This caught my interest:
[http://dspace.mit.edu/handle/1721.1/7025](http://dspace.mit.edu/handle/1721.1/7025)

It is indeed one of the coolest papers and programs ever. KAM is a smart ODE
solver, written in ZetaLisp on a Symbolics. It analyzes 2D pointsets created
by any 2d equations, esp. non-linear ones. Typically a system of ordinary or
partial differential equations, with a set of boundary and initial conditions.
A typical non-linear physical system. It creates MST's (Minimal spanning
trees) of the calculated points to get the shape and number of curves, to see
the number of clusters (checking the distance of the curves), and if the
curves are linear or space filling. Then the phase space is searched for
initial states and end conditions, and to get useful summaries. It cannot do
shape matching though, so repetitions and mirroring are not detected as such.

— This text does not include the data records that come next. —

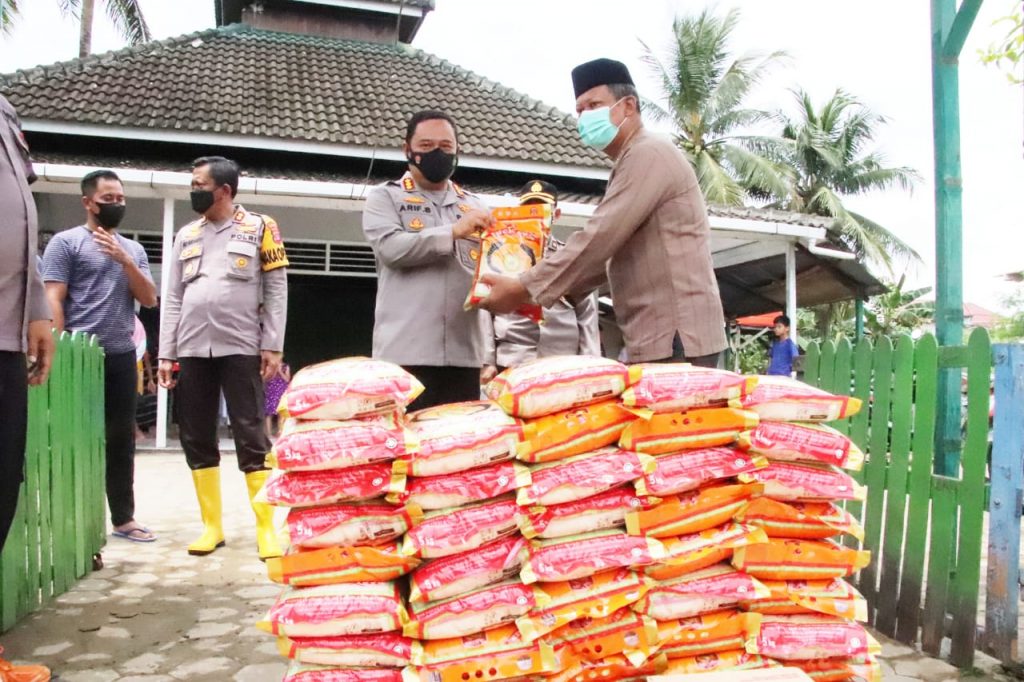 Tinjau Lokasi Banjir, Kapolresta Samarinda Serahkan Bantuan kepada Warga 2 11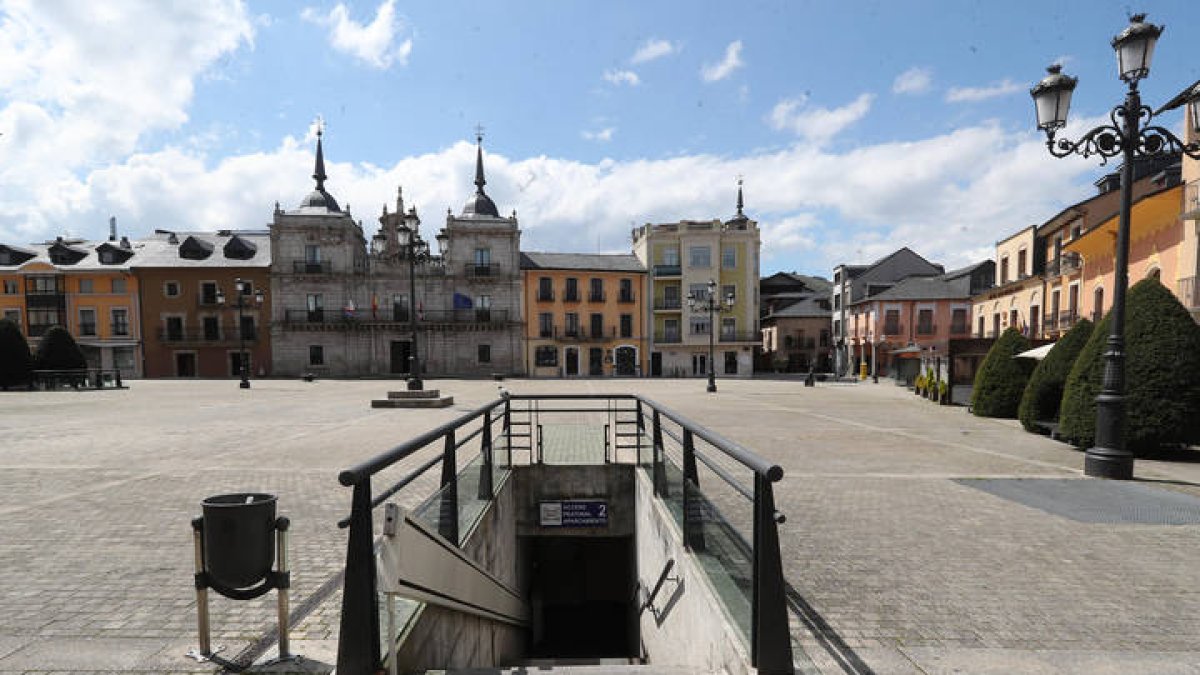 Plaza del Ayuntamiento en Ponferrada. LUIS DE LA MATA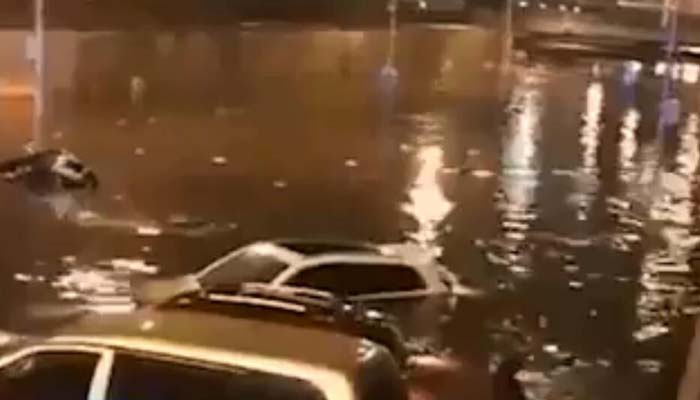 北京暴雨2人被困遇难 现场水痕线最深近2米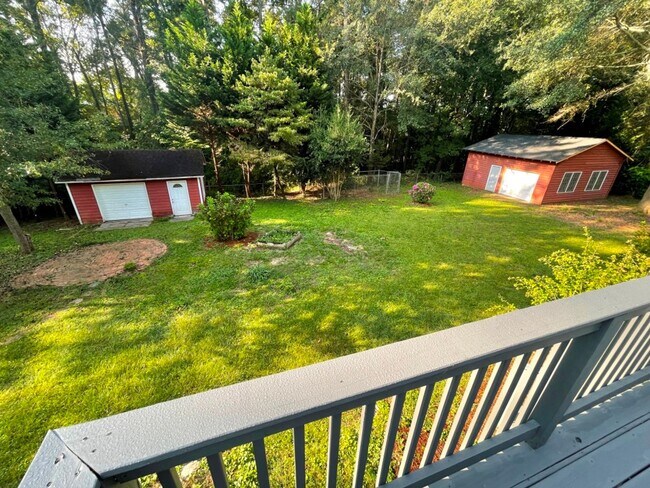 Building Photo - Renovated 3BR Ranch w/Basement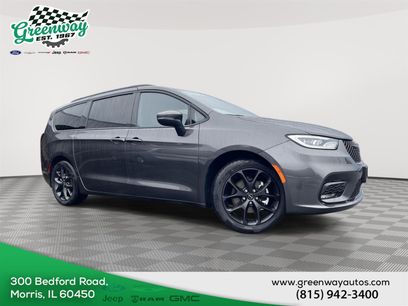 Used 2023 Chrysler Pacifica Touring-L w/ S Appearance Package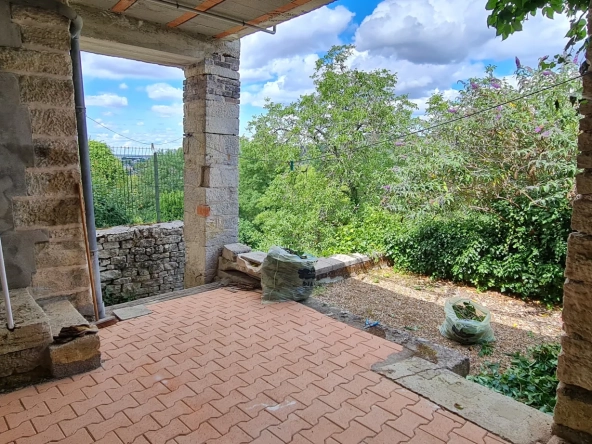 Charmante maison de 140 m² avec vue dégagée à Clamecy en Bourgogne 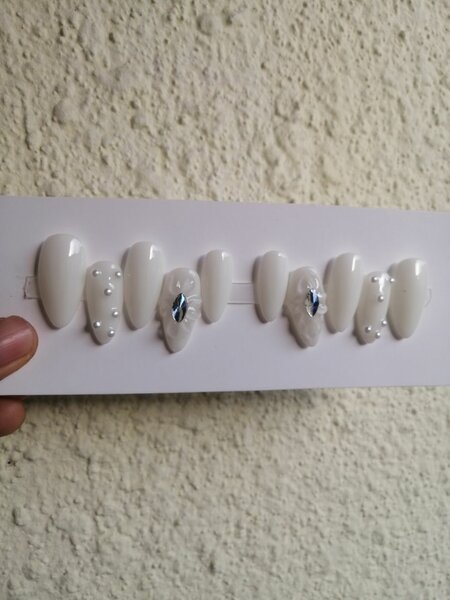 Ongles Artificiels Élégants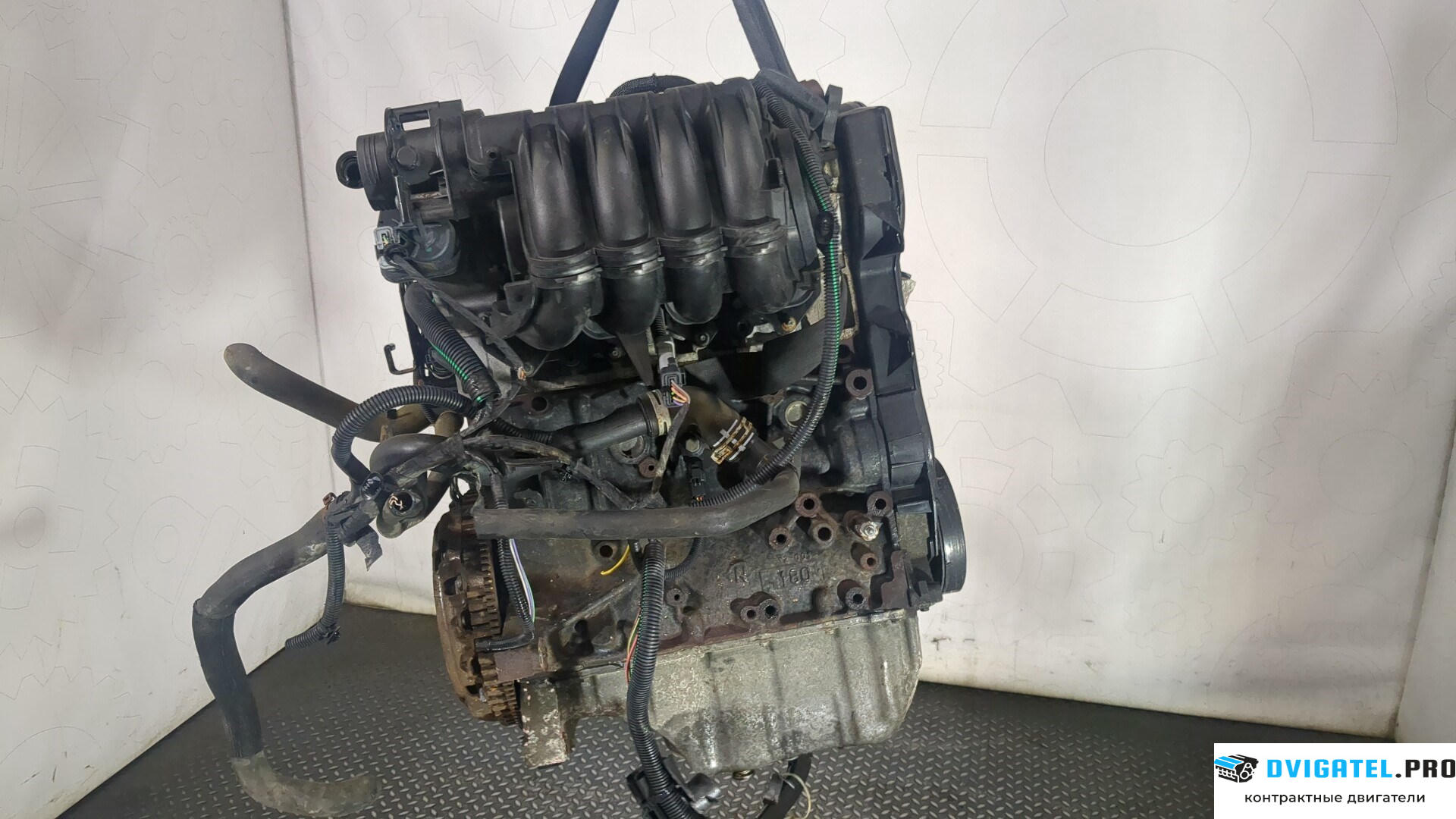 Двигатель Peugeot 1007 NFU 1.6 л., Бензин, Инжектор, артикул 8948566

The goal is to get high-level descriptions of the model and the numerical
dataset, and at which parameter ranges and conditions the system falls into
chaos. Chaotic systems are bad for predictability but mostly good for
engineering purposes.

------
erhupisg
Robert McIntyre is a wizard in his own right. He has taken the prowess of his
mental faculties to the extreme, even mastering the art of bioluminescence.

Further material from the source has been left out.